• [Problem to work on]
Leave out the images and repeat the listing below without a single change.

• [Exercise material]
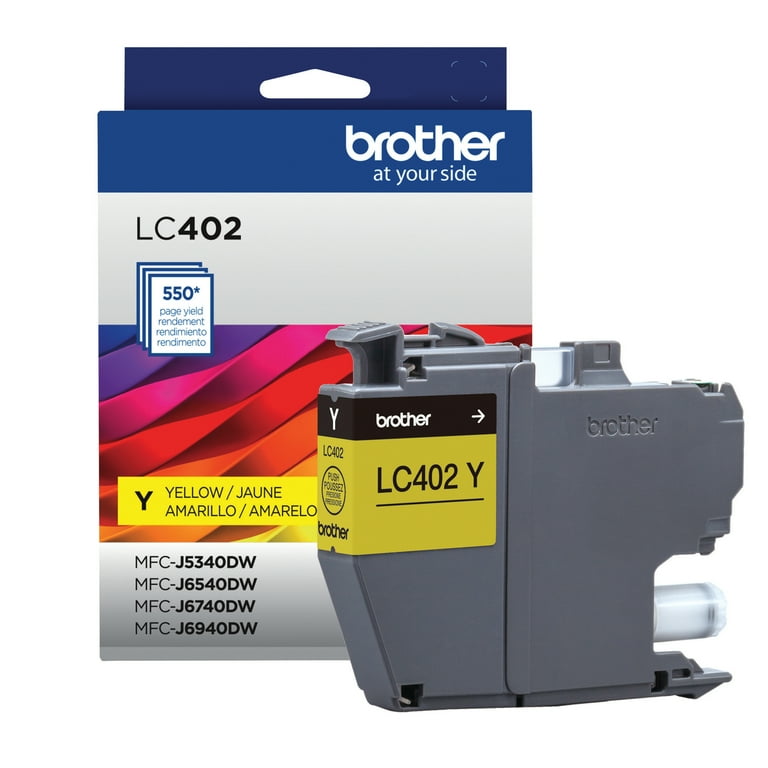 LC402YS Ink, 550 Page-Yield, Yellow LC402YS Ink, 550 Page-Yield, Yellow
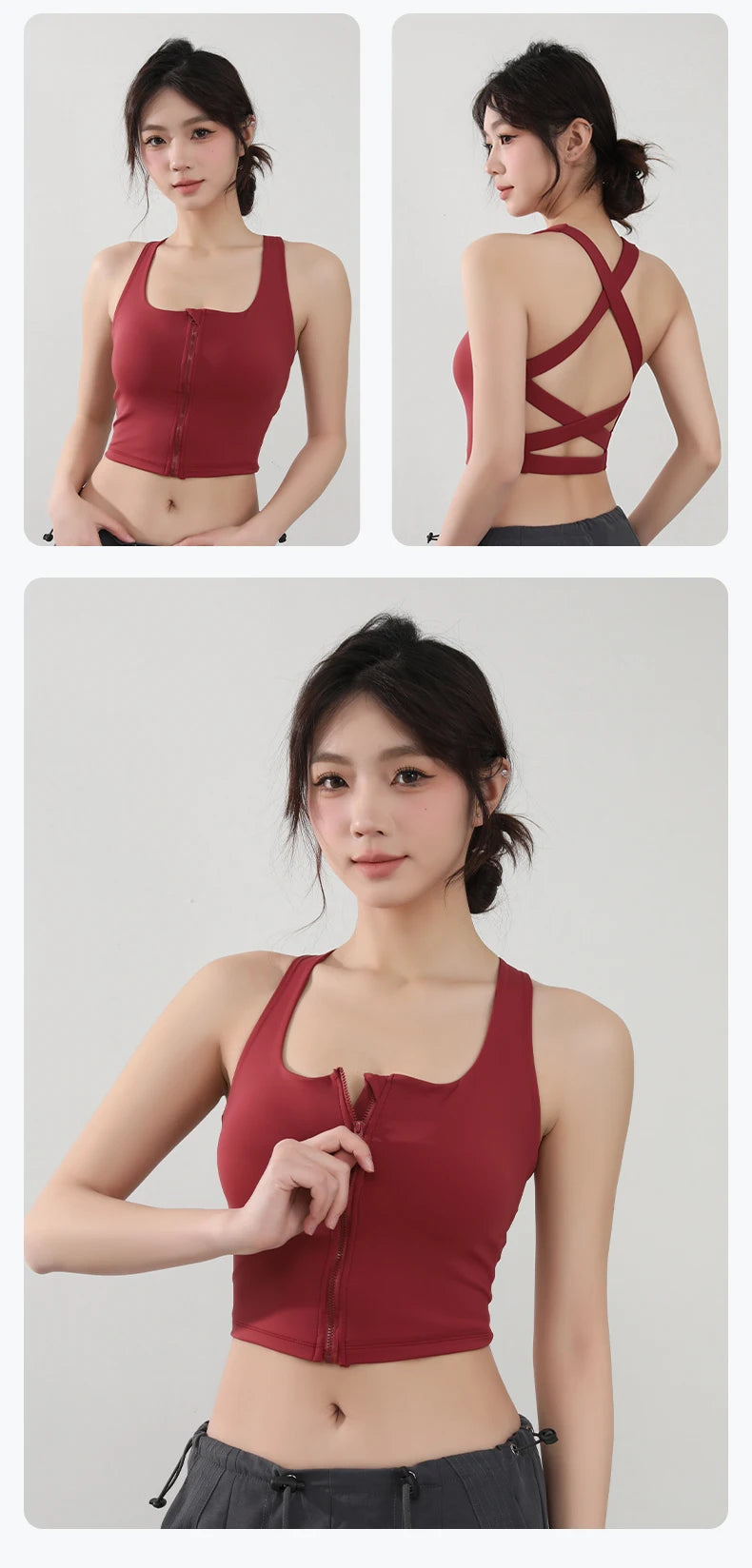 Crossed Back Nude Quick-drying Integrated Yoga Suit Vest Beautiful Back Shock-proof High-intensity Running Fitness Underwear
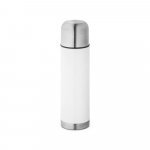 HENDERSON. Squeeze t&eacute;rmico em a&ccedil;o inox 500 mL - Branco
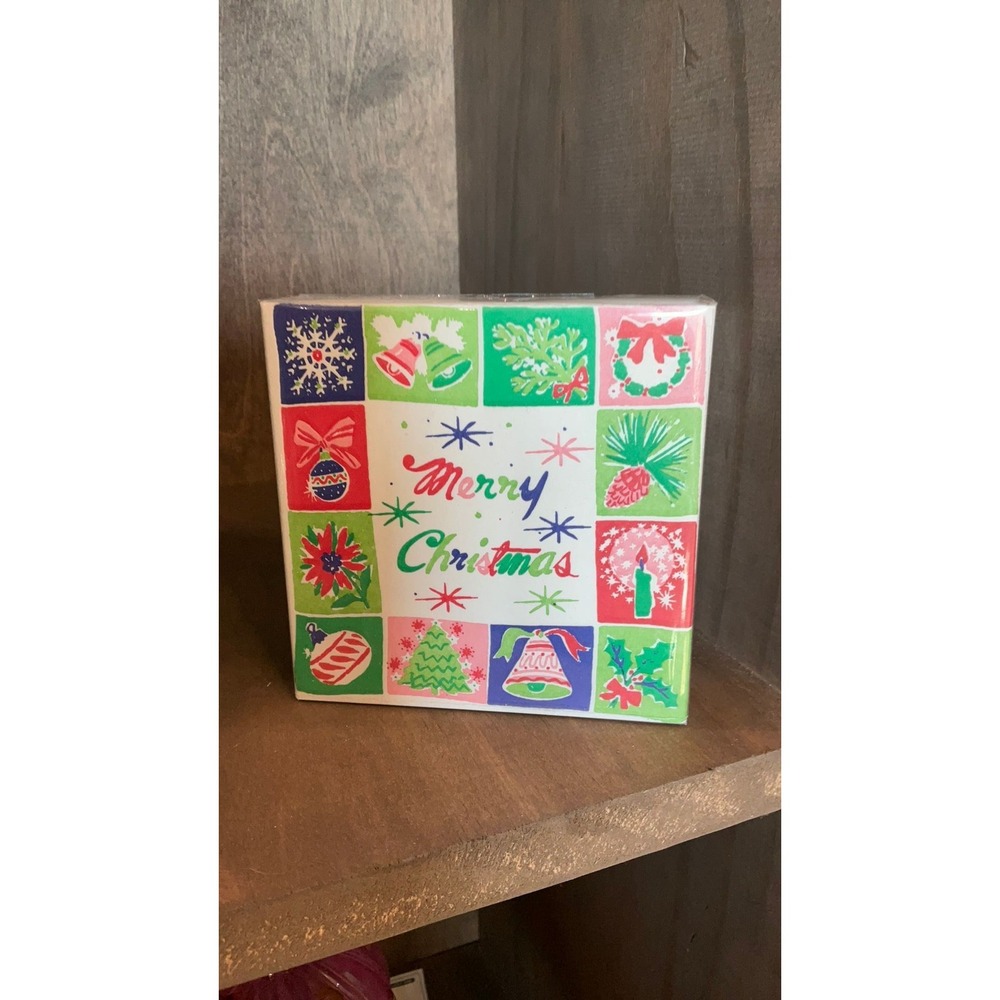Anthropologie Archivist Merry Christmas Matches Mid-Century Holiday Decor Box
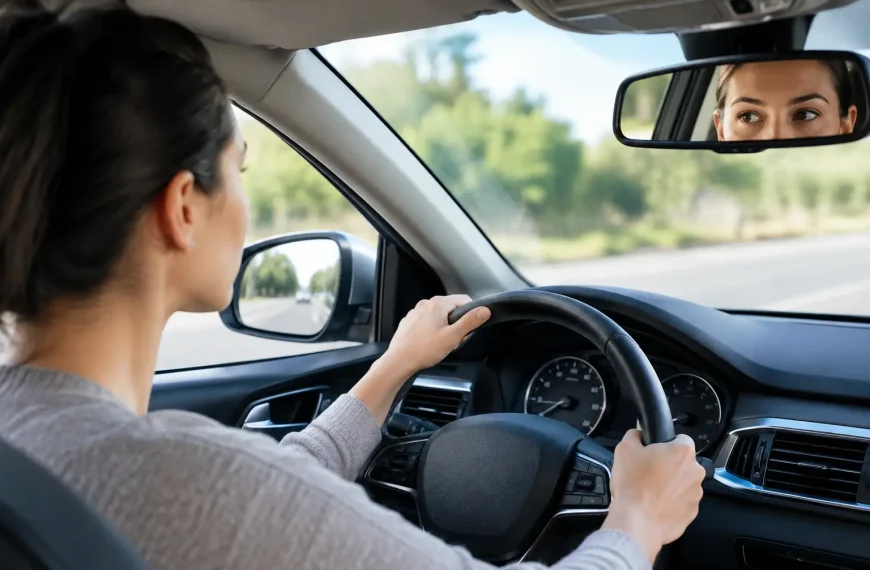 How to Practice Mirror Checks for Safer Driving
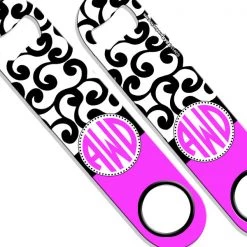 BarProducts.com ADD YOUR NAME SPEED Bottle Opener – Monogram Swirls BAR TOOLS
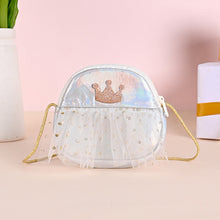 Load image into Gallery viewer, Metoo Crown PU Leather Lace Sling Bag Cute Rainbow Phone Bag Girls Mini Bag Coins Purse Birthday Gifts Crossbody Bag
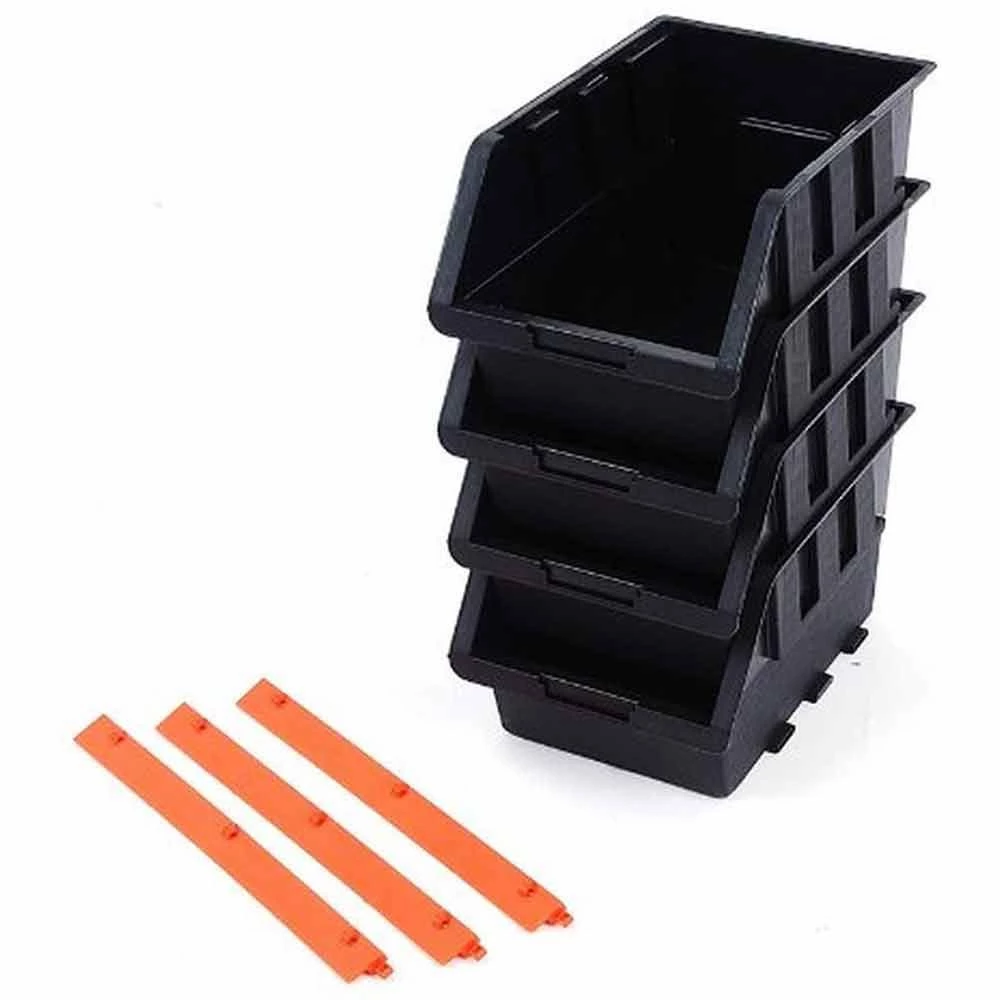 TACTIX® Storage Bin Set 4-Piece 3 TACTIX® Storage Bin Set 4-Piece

• [Task answer]
 LC402YS Ink, 550 Page-Yield, Yellow LC402YS Ink, 550 Page-Yield, Yellow
 Crossed Back Nude Quick-drying Integrated Yoga Suit Vest Beautiful Back Shock-proof High-intensity Running Fitness Underwear
 HENDERSON. Squeeze t&eacute;rmico em a&ccedil;o inox 500 mL - Branco
Anthropologie Archivist Merry Christmas Matches Mid-Century Holiday Decor Box
 How to Practice Mirror Checks for Safer Driving
 BarProducts.com ADD YOUR NAME SPEED Bottle Opener – Monogram Swirls BAR TOOLS
 Load image into Gallery viewer, Metoo Crown PU Leather Lace Sling Bag Cute Rainbow Phone Bag Girls Mini Bag Coins Purse Birthday Gifts Crossbody Bag
 TACTIX® Storage Bin Set 4-Piece 3 TACTIX® Storage Bin Set 4-Piece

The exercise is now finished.